Francia: il silenzio prima della battaglia

03 agosto 2026

In Francia agosto non è un mese. È una tregua. Le grandes vacances svuotano i palazzi, abbassano i toni e congelano le polemiche. La politica sembra scomparire. In realtà si limita ad aspettare.

Perché la vera partita comincerà a settembre.

La rentrée aprirà una delle campagne presidenziali più importanti degli ultimi decenni. Il voto del prossimo aprile non deciderà soltanto chi entrerà all’Eliseo. Deciderà quale sarà il baricentro politico dell’Unione europea, quale rapporto avrà Parigi con Berlino e fino a che punto la Francia vorrà continuare a guidare il progetto europeo o riscriverne le regole.

Oggi esiste una sola certezza: Marine Le Pen parte nettamente favorita. I sondaggi la collocano intorno al 35%, oltre il doppio di quasi tutti gli avversari. Il secondo turno sembra più una formalità che un obiettivo.

L’incognita, però, non è politica. È giudiziaria.

La Corte d’appello le ha consentito di candidarsi, ma la vicenda non è chiusa. La Cassazione dovrà pronunciarsi e il calendario rischia di contare quanto il verdetto. Se la decisione arrivasse dopo le elezioni e confermasse la condanna, Le Pen potrebbe trovarsi già all’Eliseo, protetta dall’immunità presidenziale. Se invece intervenisse prima, l’intera corsa potrebbe essere riscritta. Persino Jordan Bardella, oggi considerato il naturale erede, potrebbe ritrovarsi candidato nel giro di poche settimane.

Ma il vero problema francese non è Le Pen. È chi dovrebbe fermarla.

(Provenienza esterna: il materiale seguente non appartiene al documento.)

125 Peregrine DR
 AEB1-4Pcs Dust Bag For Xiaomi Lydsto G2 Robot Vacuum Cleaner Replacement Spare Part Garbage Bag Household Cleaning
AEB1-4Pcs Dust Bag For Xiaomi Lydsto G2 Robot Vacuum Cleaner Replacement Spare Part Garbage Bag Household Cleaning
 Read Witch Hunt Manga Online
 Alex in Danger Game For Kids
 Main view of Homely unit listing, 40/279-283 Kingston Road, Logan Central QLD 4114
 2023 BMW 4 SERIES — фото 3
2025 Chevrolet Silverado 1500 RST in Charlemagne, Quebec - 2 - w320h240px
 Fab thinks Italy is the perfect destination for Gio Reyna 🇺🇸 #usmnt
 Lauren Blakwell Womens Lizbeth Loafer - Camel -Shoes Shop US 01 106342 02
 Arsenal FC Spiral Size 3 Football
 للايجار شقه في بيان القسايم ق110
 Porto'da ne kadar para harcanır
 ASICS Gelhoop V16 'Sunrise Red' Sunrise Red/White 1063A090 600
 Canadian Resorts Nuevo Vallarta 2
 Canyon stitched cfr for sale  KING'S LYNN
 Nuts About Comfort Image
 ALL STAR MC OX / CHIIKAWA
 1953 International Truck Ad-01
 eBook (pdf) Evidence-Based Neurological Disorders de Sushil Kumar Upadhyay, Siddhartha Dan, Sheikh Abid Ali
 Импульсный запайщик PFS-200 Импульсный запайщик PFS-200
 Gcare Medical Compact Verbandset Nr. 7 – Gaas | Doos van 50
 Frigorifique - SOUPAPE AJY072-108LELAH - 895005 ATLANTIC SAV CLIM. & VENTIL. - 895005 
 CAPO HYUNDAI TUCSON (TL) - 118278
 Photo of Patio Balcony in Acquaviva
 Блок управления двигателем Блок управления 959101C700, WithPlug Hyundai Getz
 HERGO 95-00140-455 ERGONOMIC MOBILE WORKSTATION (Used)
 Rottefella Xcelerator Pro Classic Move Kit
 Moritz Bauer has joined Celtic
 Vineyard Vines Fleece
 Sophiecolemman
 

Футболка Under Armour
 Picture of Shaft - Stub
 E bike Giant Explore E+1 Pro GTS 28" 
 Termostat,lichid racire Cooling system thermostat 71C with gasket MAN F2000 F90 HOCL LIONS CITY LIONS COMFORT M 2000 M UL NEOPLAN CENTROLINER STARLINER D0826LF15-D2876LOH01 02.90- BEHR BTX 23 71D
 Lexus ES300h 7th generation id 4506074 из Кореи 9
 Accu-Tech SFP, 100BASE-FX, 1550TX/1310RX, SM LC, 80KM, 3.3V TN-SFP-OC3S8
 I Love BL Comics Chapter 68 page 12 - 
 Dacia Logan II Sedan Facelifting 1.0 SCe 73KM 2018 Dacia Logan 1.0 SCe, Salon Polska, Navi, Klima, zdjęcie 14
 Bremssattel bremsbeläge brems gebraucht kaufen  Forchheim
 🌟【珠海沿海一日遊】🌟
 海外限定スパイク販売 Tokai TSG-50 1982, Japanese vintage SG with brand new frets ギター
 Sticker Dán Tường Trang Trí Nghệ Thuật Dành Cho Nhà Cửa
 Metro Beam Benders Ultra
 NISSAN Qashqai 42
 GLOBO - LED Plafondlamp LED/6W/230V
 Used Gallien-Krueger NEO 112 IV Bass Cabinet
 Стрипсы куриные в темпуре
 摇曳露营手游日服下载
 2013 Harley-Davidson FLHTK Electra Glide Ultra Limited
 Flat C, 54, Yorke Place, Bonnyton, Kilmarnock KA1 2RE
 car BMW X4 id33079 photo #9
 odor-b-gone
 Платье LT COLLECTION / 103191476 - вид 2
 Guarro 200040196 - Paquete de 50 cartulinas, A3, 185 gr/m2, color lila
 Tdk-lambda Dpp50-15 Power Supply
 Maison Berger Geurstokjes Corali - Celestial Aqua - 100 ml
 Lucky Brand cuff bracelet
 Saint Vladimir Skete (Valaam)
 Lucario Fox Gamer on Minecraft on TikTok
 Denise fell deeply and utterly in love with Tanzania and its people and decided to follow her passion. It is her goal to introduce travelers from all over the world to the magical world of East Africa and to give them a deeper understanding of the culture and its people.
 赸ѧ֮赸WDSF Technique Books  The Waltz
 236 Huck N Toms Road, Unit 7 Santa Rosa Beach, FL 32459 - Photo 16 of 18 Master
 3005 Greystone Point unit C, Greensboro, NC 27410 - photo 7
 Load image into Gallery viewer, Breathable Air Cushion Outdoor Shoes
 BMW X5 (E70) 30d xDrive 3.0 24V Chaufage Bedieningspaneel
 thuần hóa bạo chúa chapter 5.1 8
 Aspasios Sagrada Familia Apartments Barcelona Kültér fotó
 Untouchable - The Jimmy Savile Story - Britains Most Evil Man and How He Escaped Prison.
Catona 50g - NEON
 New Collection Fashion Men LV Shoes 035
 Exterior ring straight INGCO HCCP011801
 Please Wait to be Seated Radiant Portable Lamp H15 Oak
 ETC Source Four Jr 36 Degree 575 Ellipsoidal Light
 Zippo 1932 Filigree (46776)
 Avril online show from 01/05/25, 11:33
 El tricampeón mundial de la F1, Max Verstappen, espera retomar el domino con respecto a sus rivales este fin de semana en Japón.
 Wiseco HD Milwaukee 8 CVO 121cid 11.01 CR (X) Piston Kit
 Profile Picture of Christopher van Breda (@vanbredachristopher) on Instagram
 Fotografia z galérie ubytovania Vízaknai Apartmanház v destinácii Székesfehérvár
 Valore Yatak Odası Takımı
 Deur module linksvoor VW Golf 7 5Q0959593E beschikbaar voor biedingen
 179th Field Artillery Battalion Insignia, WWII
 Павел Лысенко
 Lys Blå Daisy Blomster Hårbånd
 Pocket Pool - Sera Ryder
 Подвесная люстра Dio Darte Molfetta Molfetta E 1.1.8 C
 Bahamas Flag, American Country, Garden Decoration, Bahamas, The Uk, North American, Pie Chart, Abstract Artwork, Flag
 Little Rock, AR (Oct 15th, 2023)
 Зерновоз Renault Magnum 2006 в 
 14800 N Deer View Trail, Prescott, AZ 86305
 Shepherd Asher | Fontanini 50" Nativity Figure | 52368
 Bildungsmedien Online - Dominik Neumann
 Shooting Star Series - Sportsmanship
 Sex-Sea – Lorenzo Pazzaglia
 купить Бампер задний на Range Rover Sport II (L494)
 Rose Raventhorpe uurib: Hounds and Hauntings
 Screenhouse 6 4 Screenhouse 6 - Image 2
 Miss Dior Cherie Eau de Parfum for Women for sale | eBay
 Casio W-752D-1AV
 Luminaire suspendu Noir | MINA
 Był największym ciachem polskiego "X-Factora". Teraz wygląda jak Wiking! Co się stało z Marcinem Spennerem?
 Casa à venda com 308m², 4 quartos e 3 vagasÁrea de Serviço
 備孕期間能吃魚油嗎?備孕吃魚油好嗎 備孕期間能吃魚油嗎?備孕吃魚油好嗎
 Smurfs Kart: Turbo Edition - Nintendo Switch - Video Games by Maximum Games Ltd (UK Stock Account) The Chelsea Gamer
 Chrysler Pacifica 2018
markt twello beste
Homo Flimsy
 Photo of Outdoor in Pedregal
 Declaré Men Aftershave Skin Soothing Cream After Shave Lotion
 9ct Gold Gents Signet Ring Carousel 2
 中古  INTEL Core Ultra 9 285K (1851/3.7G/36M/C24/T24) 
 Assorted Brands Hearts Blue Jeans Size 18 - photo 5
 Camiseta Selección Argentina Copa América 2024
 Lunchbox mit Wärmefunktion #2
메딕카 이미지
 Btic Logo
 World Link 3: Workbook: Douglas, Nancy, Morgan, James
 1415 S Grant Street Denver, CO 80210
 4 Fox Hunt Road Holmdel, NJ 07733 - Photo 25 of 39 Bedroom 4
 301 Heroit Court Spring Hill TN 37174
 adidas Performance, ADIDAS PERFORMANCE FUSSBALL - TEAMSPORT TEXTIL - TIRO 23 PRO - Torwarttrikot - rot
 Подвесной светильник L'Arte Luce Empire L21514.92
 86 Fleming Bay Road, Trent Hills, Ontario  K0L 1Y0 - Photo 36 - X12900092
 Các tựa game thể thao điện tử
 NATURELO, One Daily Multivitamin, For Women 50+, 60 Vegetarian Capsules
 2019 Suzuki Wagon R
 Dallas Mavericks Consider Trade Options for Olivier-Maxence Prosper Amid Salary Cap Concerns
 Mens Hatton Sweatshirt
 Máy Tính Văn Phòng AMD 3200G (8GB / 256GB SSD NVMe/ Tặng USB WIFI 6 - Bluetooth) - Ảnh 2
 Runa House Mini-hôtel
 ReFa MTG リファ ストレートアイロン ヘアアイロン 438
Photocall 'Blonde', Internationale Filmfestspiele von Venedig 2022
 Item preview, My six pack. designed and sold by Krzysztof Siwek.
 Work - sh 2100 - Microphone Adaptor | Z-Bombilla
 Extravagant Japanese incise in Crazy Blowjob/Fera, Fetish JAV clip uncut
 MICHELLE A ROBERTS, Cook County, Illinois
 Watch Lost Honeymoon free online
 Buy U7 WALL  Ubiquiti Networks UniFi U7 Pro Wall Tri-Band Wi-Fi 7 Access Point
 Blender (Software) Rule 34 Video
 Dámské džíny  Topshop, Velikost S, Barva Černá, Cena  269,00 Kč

Lo scenario che inquieta maggiormente i mercati è un ballottaggio contro Jean-Luc Mélenchon. Sarebbe la sfida tra due visioni radicalmente alternative della Francia. E proprio per questo potrebbe trasformarsi nel miglior alleato della leader del Rassemblement National. Mélenchon continua a mobilitare una parte consistente dell’elettorato giovane, ma resta incapace di costruire una maggioranza nazionale. La sinistra continua a dividersi molto più velocemente di quanto riesca a unirsi.

Il paradosso europeo è evidente. Per Bruxelles e per gli investitori, oggi Le Pen appare meno imprevedibile del leader della sinistra radicale. Lo scontro non riguarderebbe tanto l’euro o la Banca centrale europea, quanto il peso della Francia nell’Unione, i contributi al bilancio comune, la difesa e soprattutto il rapporto privilegiato con la Germania.

L’unico nome che, secondo i sondaggi, conserva ancora la possibilità di batterla è Édouard Philippe. Ma i sondaggi estivi valgono poco. Da settembre arriveranno la legge di bilancio, il confronto sul debito pubblico e le inevitabili promesse che dovranno trasformarsi in numeri. Con rendimenti dei titoli francesi vicini al 4%, la politica fiscale rischia di diventare il vero campo di battaglia.

Otto mesi sono un’eternità. La politica francese lo ricorda da sempre. Nel 2016 François Fillon sembrava comparso dal nulla per conquistare l’Eliseo, prima di essere travolto dagli scandali.

È per questo che agosto inganna. Sembra il mese del silenzio. In realtà è il momento in cui tutti trattengono il fiato prima della battaglia. E, in Francia, chi domina i sondaggi d’estate raramente può considerarsi già presidente in primavera.